Trump's 'hush-money' trial date set for April


A New York judge, on Monday, set April 15 as the trial date for former US President Donald Trump's criminal hush-money case.

In the case, Trump stands accused of criminally altering business records to cover up a $130,000 payment to adult film star Stormy Daniels shortly before the 2016 election.

Trump's lawyers say the payment was meant to spare himself and his family embarrassment, not to help him win the election.

After Justice Juan Merchan set the April date, Trump boasted the case could bolster his campaign, telling reporters at one of his nearby properties, "It can also make me more popular because the people know it's a scam."

As it stands, only the New York case is guaranteed to go to trial before November.

Trump also faces two criminal trials accusing him of trying to subvert his 2020 election loss to Biden, and another that accuses him of mishandling classified information after he left the White House in 2021.

He has pleaded not guilty to all charges against him.

All of those cases involve weightier allegations than the New York case, which stems from attempts to cover up an alleged extra-marital affair.

Voters, though, might not know before November whether Trump is guilty of subverting democracy or violating national security by storing secrets in a bathroom.

The federal election-subversion case is on hold pending Supreme Court review, while another election-subversion case in Georgia was delayed for months due to questions about whether the prosecutor's romantic relationship with another lawyer posed a conflict of interest.
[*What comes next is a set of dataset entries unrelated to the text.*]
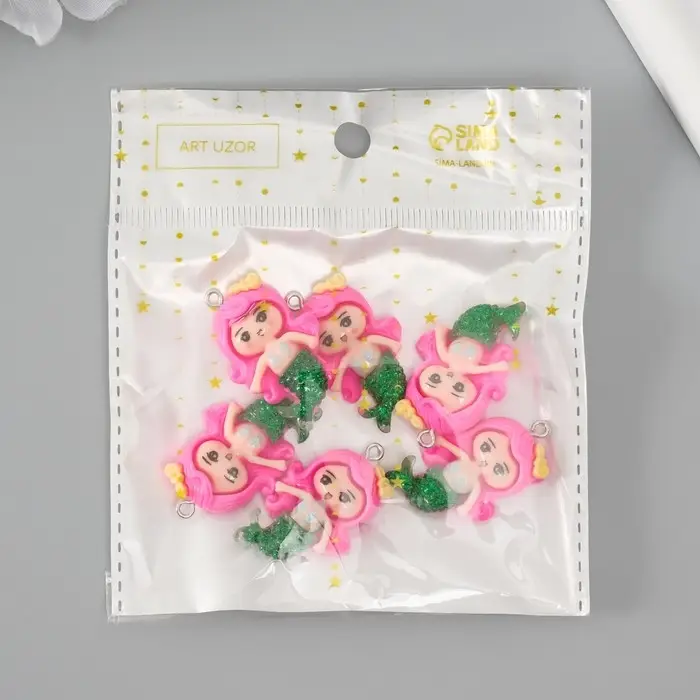 Подвеска для творчества пластик "Русалочка с розовыми волосами" 3,4х2,1х0,6 см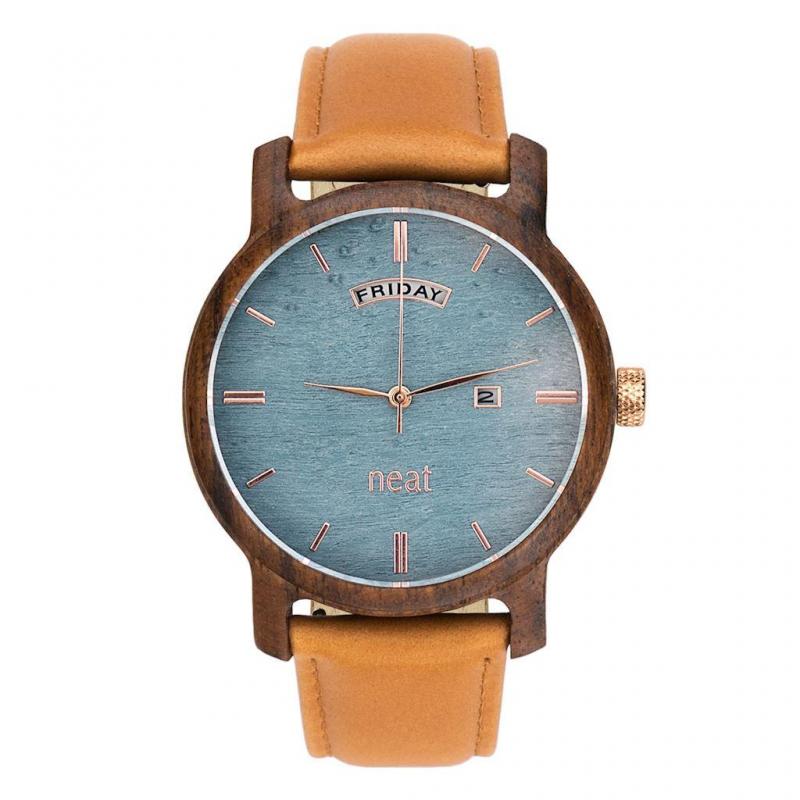 Levně Pánské dřevěné hodinky s koženým páskem v hnědo-modré barvě, N083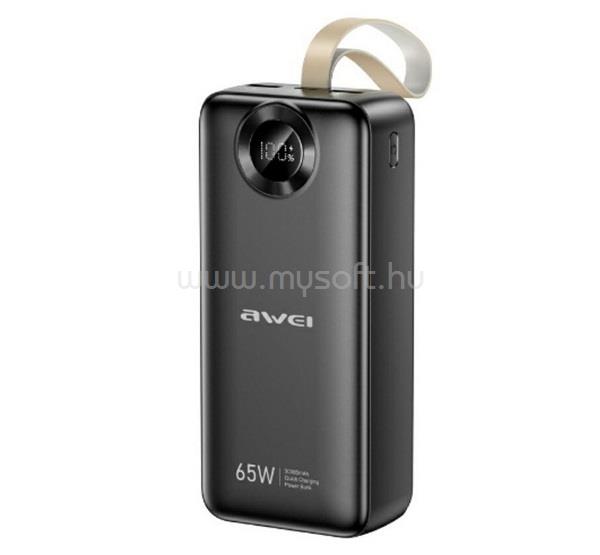AWEI AWEI PA-34 vésztöltő USB+2 Type-C aljzat 30000mAh, LED kijelző, FEKETE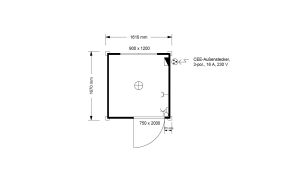 Verkaufshäuschen isoliert, H2555 x B1670 x L1610, mit Schiebefenster und Elektropaket, enzianblau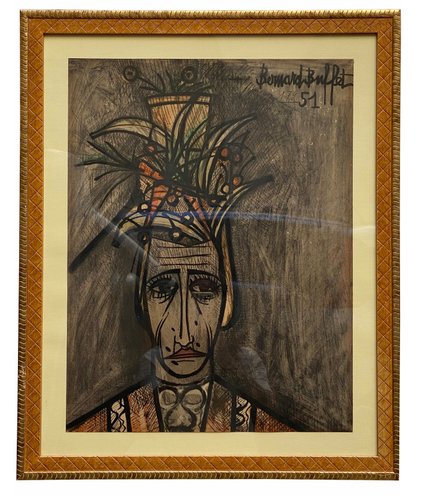 Bernard Buffet, Portrait, 1950, Artwork on Paper for sale at Pamono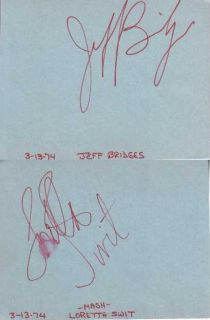 Jeff Bridges / Loretta Swit Autographed 1974 Album Page EARLY & Rare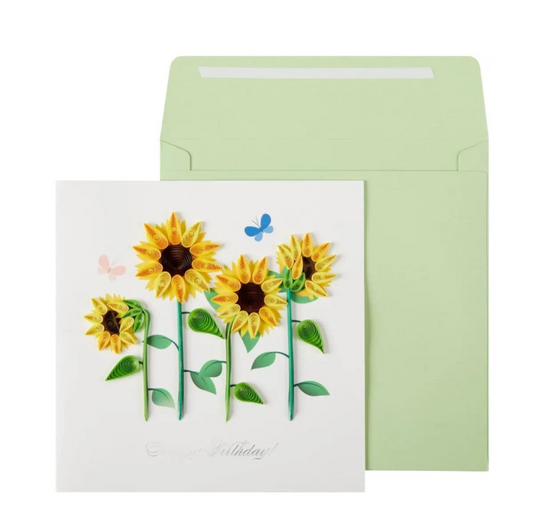 Quilled Four Sunflowers Birthday Card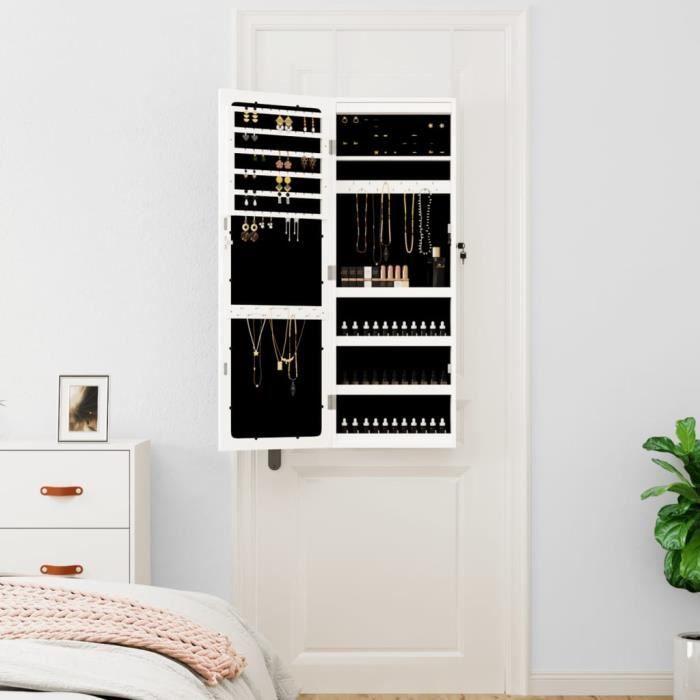 VidaXL Jewelry Cabinet with Mirror and LED Lighting Wall-Mounted White 353244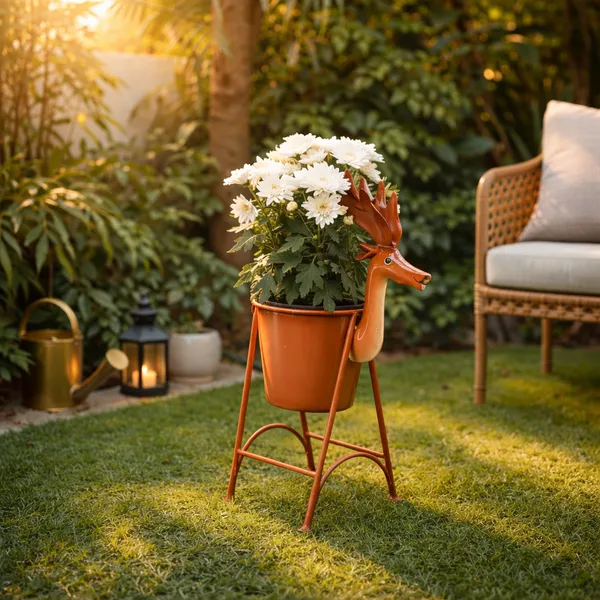 Orange_Metal_Deer_Figurine_Plant_Stand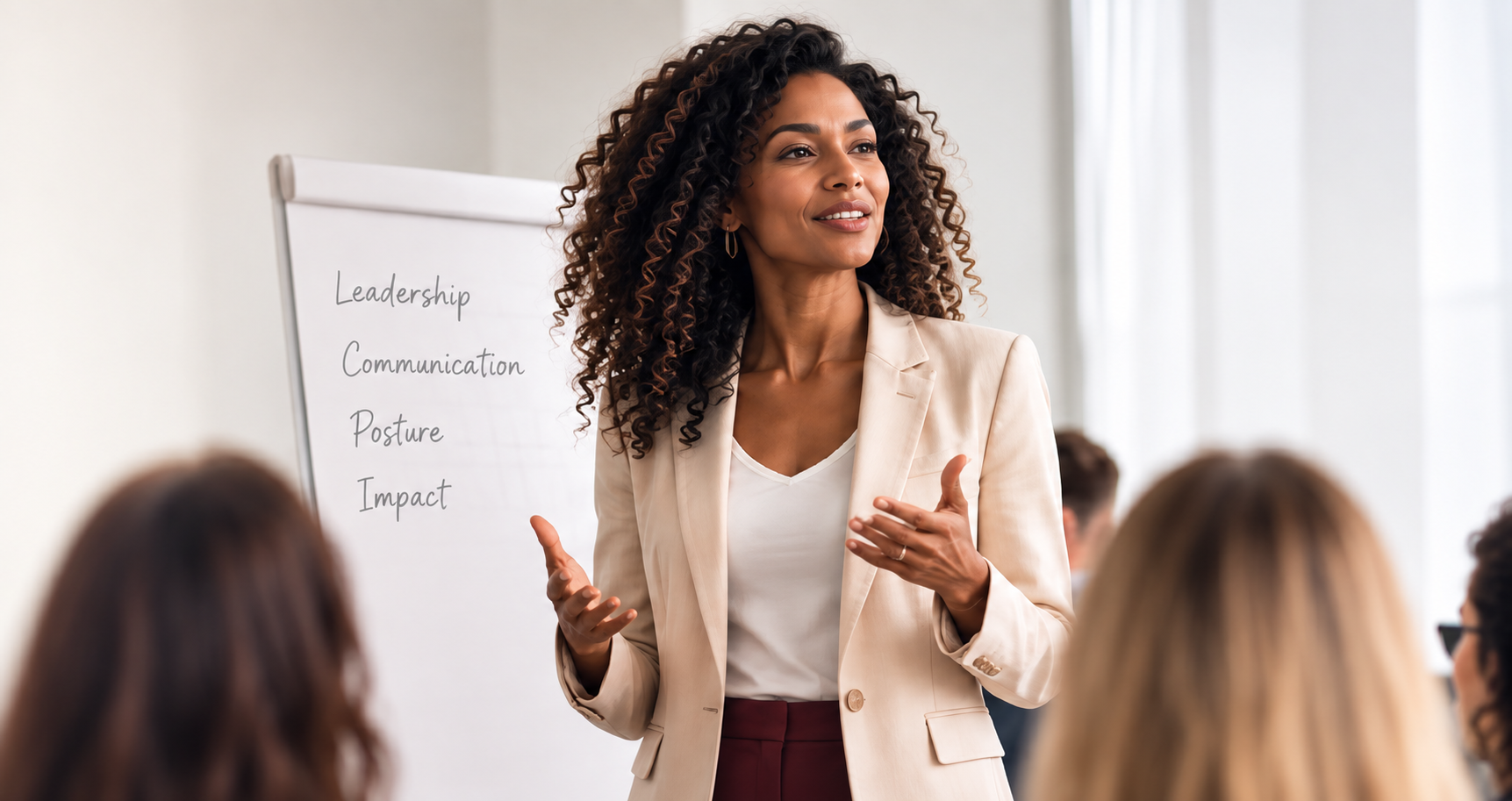 Formatrice animant une session de leadership devant un groupe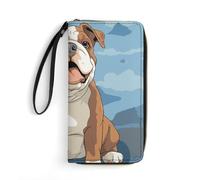 DWTJKMS English Bulldog Seamless Illustration Long Wallet Slim PU Leather Wallets for Men Women Minimalist Wallet with Card Slots, white, 19.7x10.5cm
The federal documents case also has been delayed by Trump's legal challenges.

In the New York hush money case, Trump's lawyers won a few extra weeks to sort through evidence provided to the state by federal prosecutors who opted not to file charges after investigating Trump's payment to Daniels.
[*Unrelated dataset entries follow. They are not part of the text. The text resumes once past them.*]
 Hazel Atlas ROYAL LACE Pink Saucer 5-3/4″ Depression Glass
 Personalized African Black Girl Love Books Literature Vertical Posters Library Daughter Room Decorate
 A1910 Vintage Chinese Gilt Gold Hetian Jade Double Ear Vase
But the judge denied their request for a further delay and set a trial date of April 15. That means the case could wrap up by the end of May.
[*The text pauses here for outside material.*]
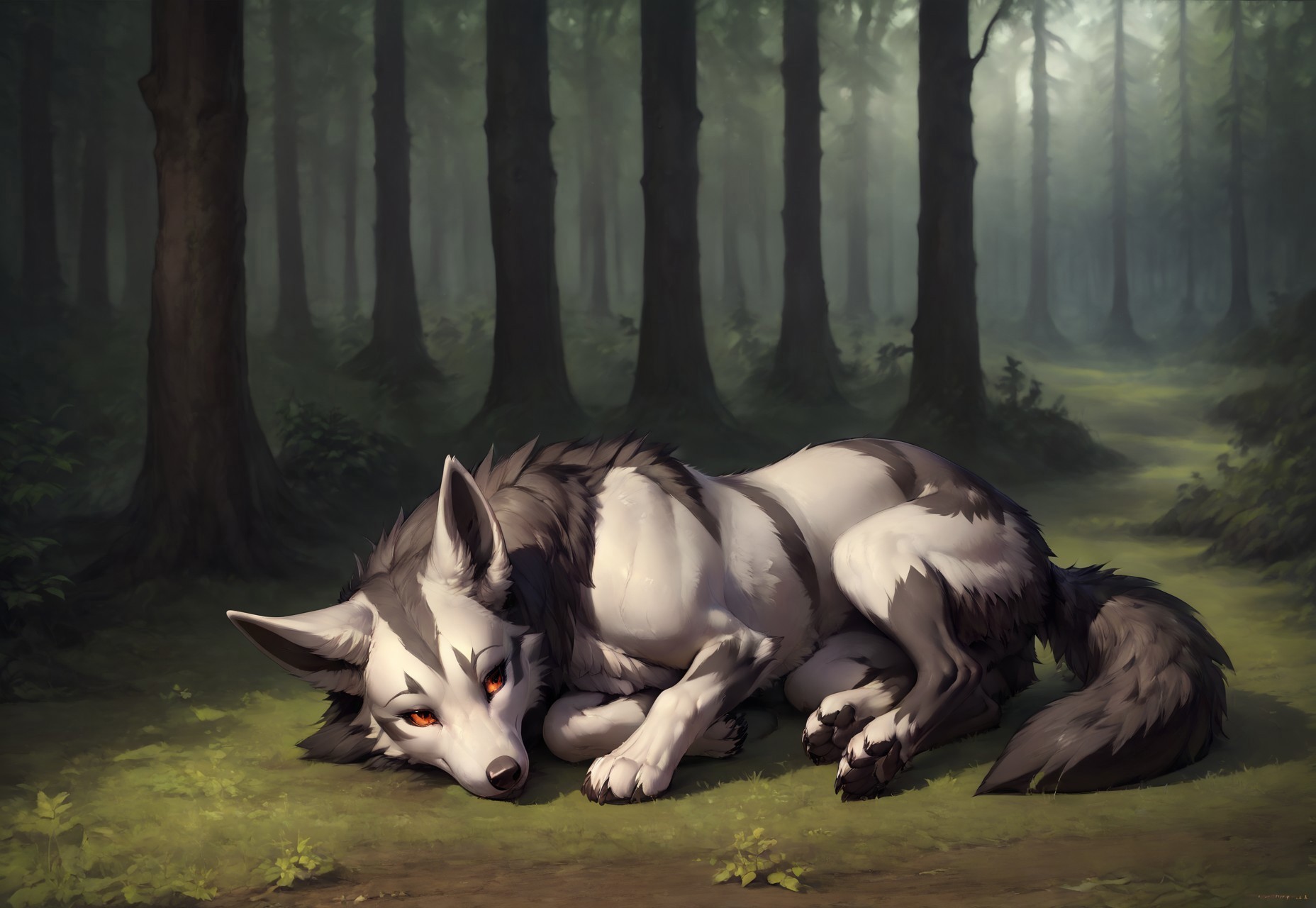 score_9, score_8_up, score_7_up, ultra hi res, by reallynxgirl, uploaded on e621, rating_safe, safe content, 3d, ((feral)),  feral wolf, female, solo, mightyena,lying on side, forest, detailed background
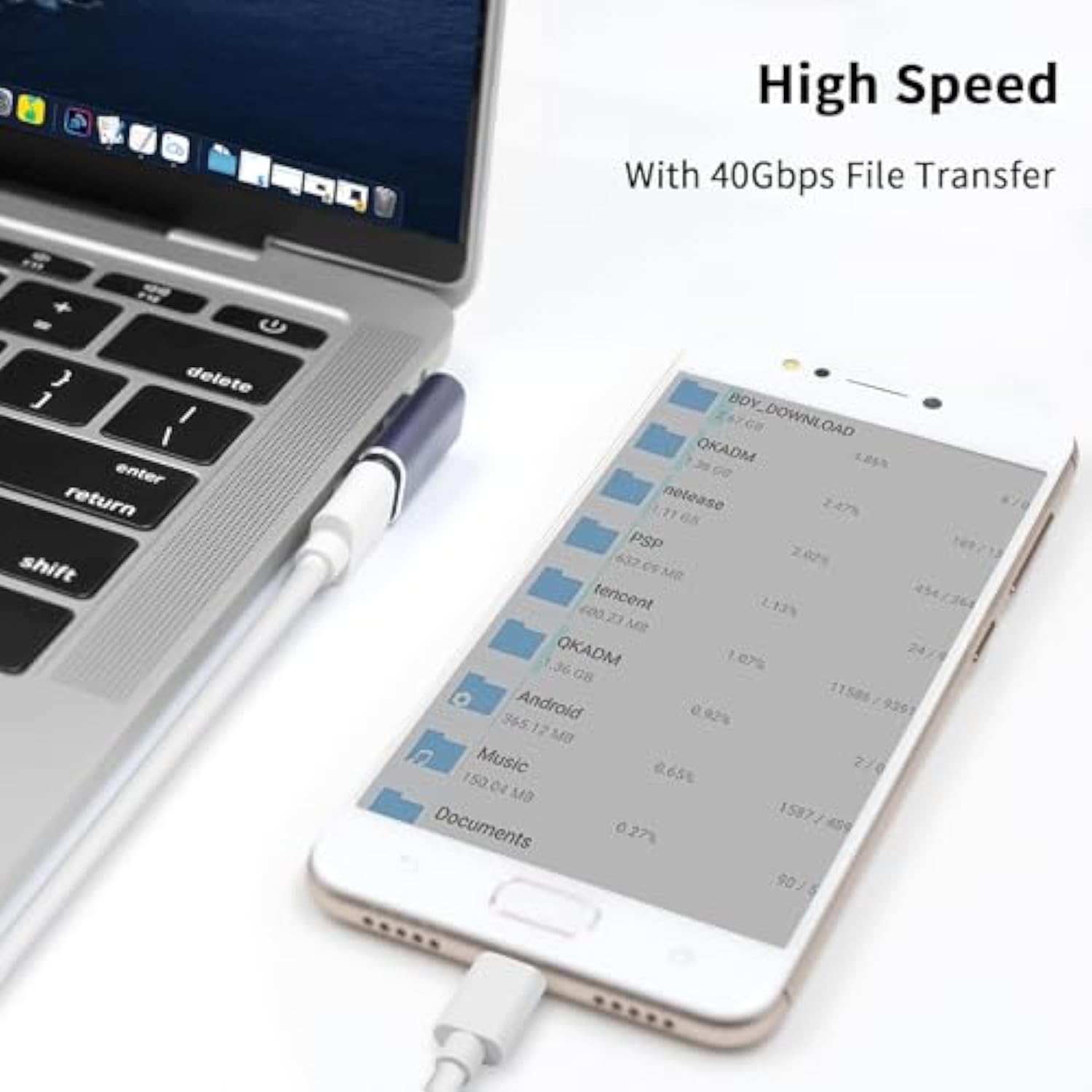 Usb C Right Angle Adapter For Usb 4 Cable, 40Gbps Usb 4 Cable Adapter, 90 Degr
No other former US president, let alone one running for election again, has ever faced criminal charges. But Republican voters rallied behind Trump when the hush-money charges were filed a year ago, and opinion polls show him essentially tied with Biden at this point.

Strategists say, however, that could change.

"Republican voters don't seem to be fazed by his legal problems, but independents and unaffiliated voters may be impacted by the proceedings and ultimately whether or not there’s a conviction," said Jeanette Hoffman, a Republican consultant.

Trump's legal troubles also threaten his pocketbook, as he has racked up more than half a billion dollars in judgments, on top of mounting lawyers' fees.

Trump faced a Monday deadline to pay a $454 million civil-fraud judgment, which he said he could not pay. New York authorities were poised to begin seizing his assets.

But a New York appeals court gave him 10 days to post a $175 million bond while he pursues an appeal. Trump said he would quickly come up with that money.

The decision makes it less likely that Trump will see trophy properties seized by authorities, or have to sell them off quickly for what he has called "fire sale" prices.